2. Be Clear and Concise

The message contained in your pop up needs to be extremely clear. Make sure the visitor is able to differentiate it from the typical ad. Your logo and/or organization name has to be prominent, include a brief headline explaining the purpose of your survey and make sure that a call to action is present.

Also, be up front. Give an estimate of the time required to complete the survey. This way, you’ll cut down on the amount of incomplete responses you receive.

3. Keep it Short

With pop up surveys, the respondent wasn’t expecting to provide feedback. That’s not why they visited the site. They were asked unexpectedly, so it’s important to be very respectful of their time.
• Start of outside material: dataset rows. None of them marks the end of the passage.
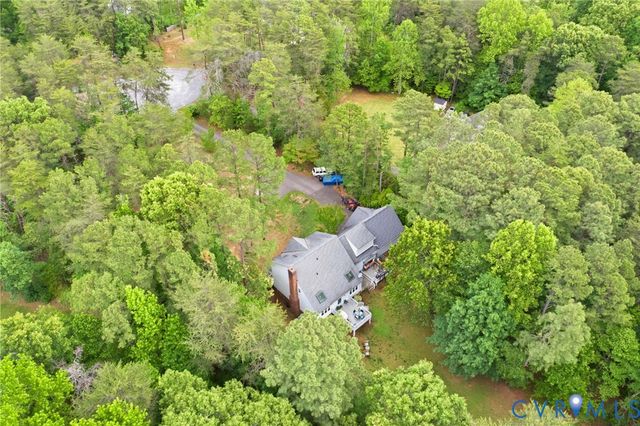2450 Hillstream Dr, Rockville, VA 23146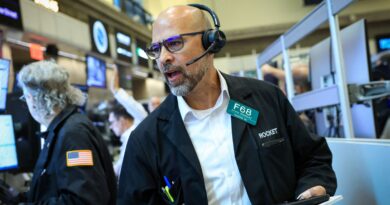 Global tech sell-off deepens as South Korea’s Kospi sinks 8%, S&P 500 futures fall: Live updates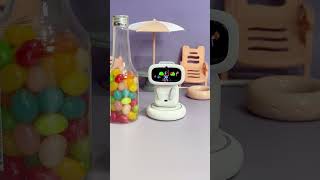 Shake out the candy#aibi  #aibipet #robot #funny #aibirobot #cute #toys #livingai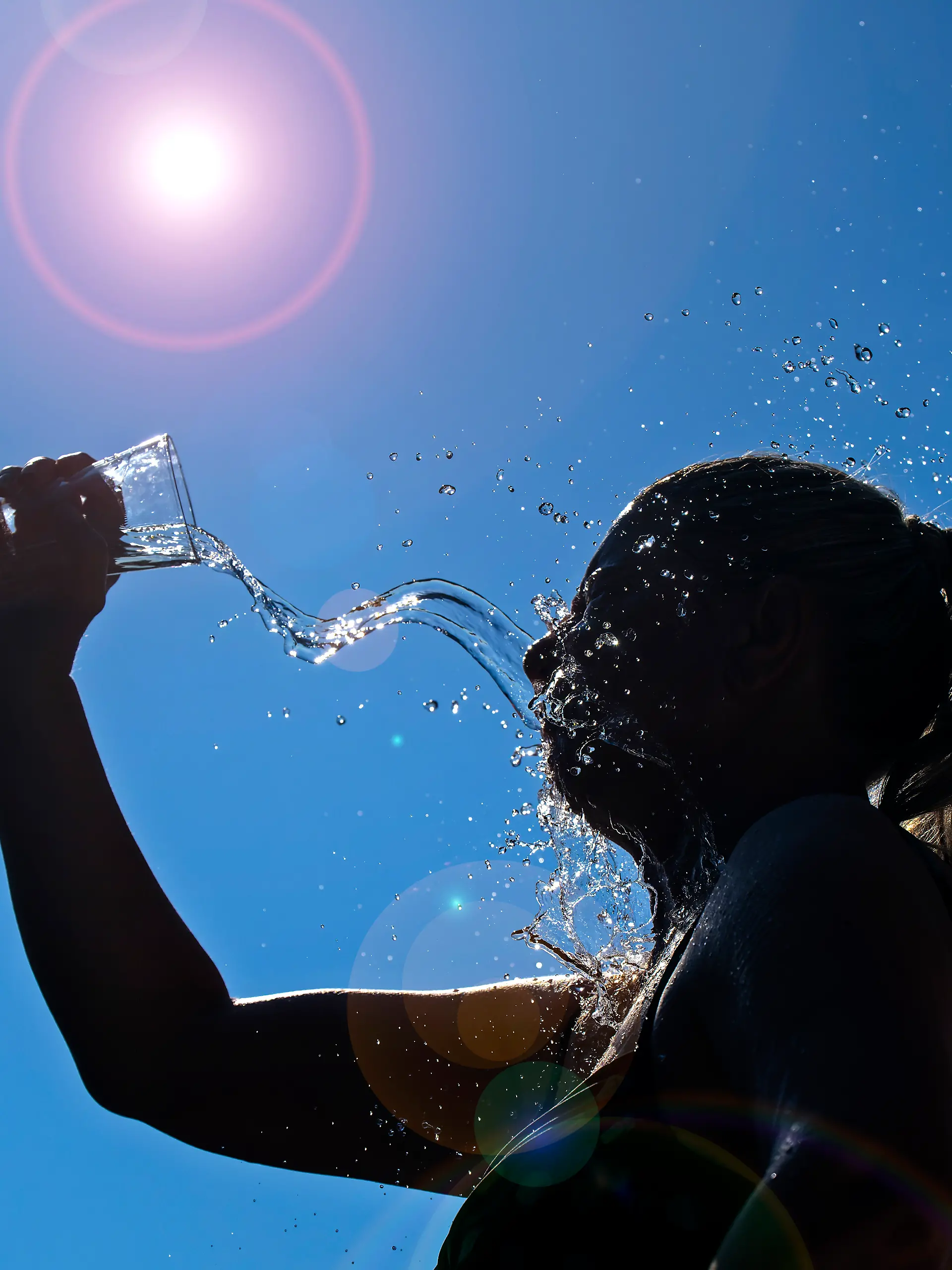 BILDBEARBEITUNG! 24.06.2026, Sommerhitze in Deutschland, Mindelheim im Unterallgaeu, eine Frau erfrischt sich mit einem schwall kaltem Wasser in ihr Gesicht. (Modelrelased) (*Copyright by: M.i.S.-Sportpressefoto, I N N S B R U C K E R S T R . 12, 87719 M I N D E L H E I M, Tel: 01713812882, (MAIL: misbernd@t-online.de, Homepage: www.mis.mn))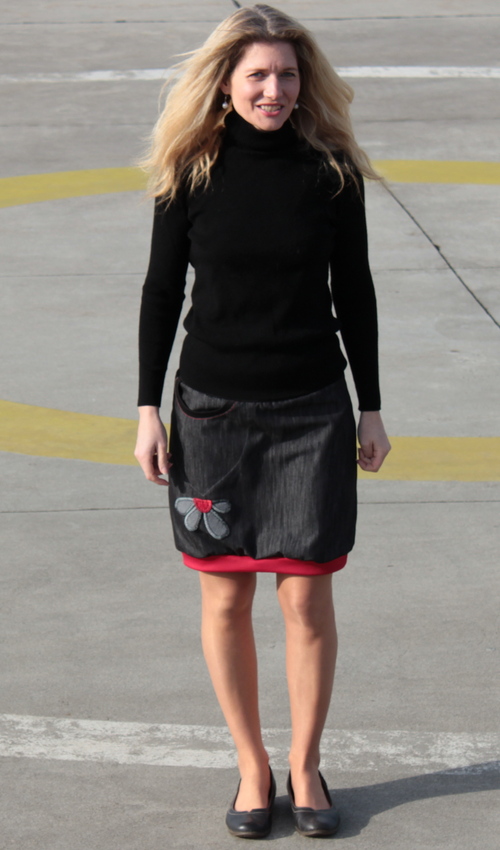 0130_handgemachte Mode – LaJuPe - schwarzer knielanger Rock handgemachte Mode – LaJuPe - schwarzer knielanger Rock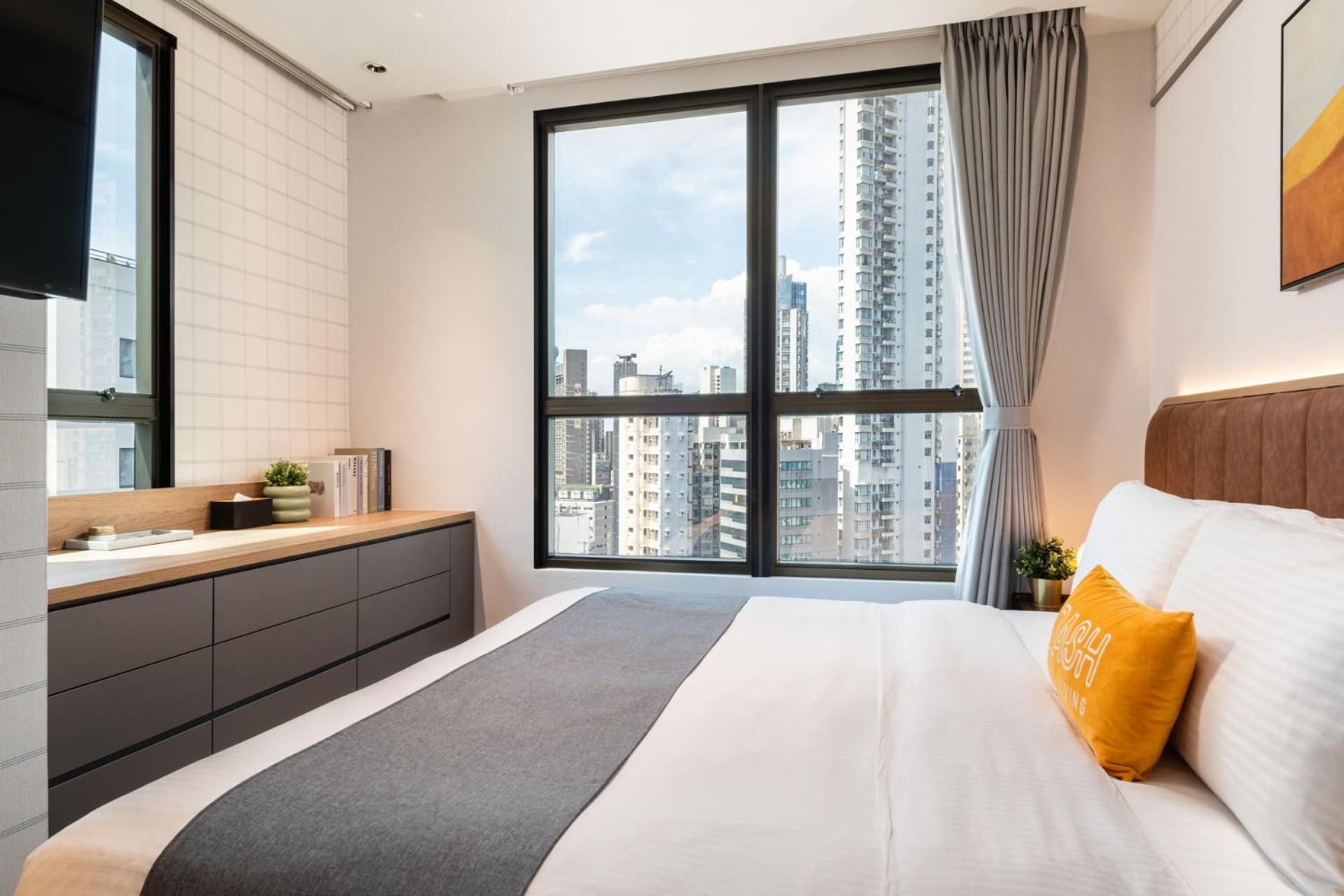 Dash Living On Hollywood Hotel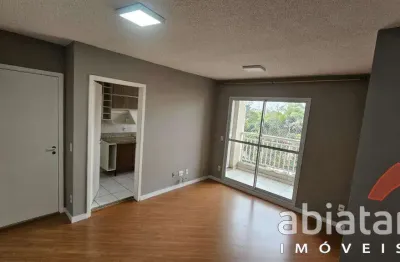 Apartamento à venda com 2 dormitórios, suíte e varanda gourmet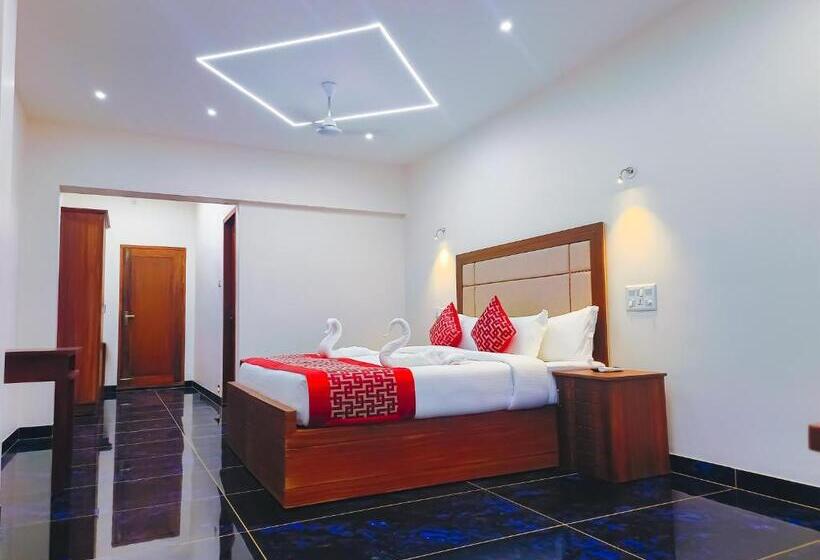 Skylar Seaview Beach Resort & Ayurveda Varkala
Just like you wouldn’t grab a random person on the street and expect them to spend 15 minutes answering questions, don’t expect internet users to sit through long surveys. When designing your questionnaire, err on the short side and keep it under 5 minutes.

4. Use Smart Pop Ups

The software to create pop ups has greatly evolved over the years, to the point where you can control almost every single aspect of the message. You can decide where on the screen the pop-up should appear, who it should be shown to, how many times it should be shown, etc.

Make use of all these features. Have your pop-up appear where your site contains the most information as this is where it would be most visible. Also, make sure that it is only shown once to each visitor. Multiple pop ups quickly become a nuisance and could dissuade the individuals from not only filling out the survey, but also returning to your site.

5. Understand Your Visitors

Have an in depth understanding of your visitors, and they’re typical browsing patterns, before constructing your survey and pop up. It’s key to know how the typical individual navigates through your site. For example, it would be inappropriate to ask a person to complete a survey about your payment options when they’re on your homepage, as a good percentage of them might be first time visitors coming from a search engine. Inviting people to complete this survey when they’re on the checkout page, however, would be a better choice, as they would have first browsed your payment plans.

6. Test, Test, Test
As with any survey, it’s crucial to do a lot of testing. Make sure your pop up works and appears properly in all browsers, have someone proofread the pop-up and survey, and test the persuasiveness of your copy. Work out all the kinks before going live on your website.

At the end of the day, pop ups can be a very useful tool for any organization to use. All it takes is some planning!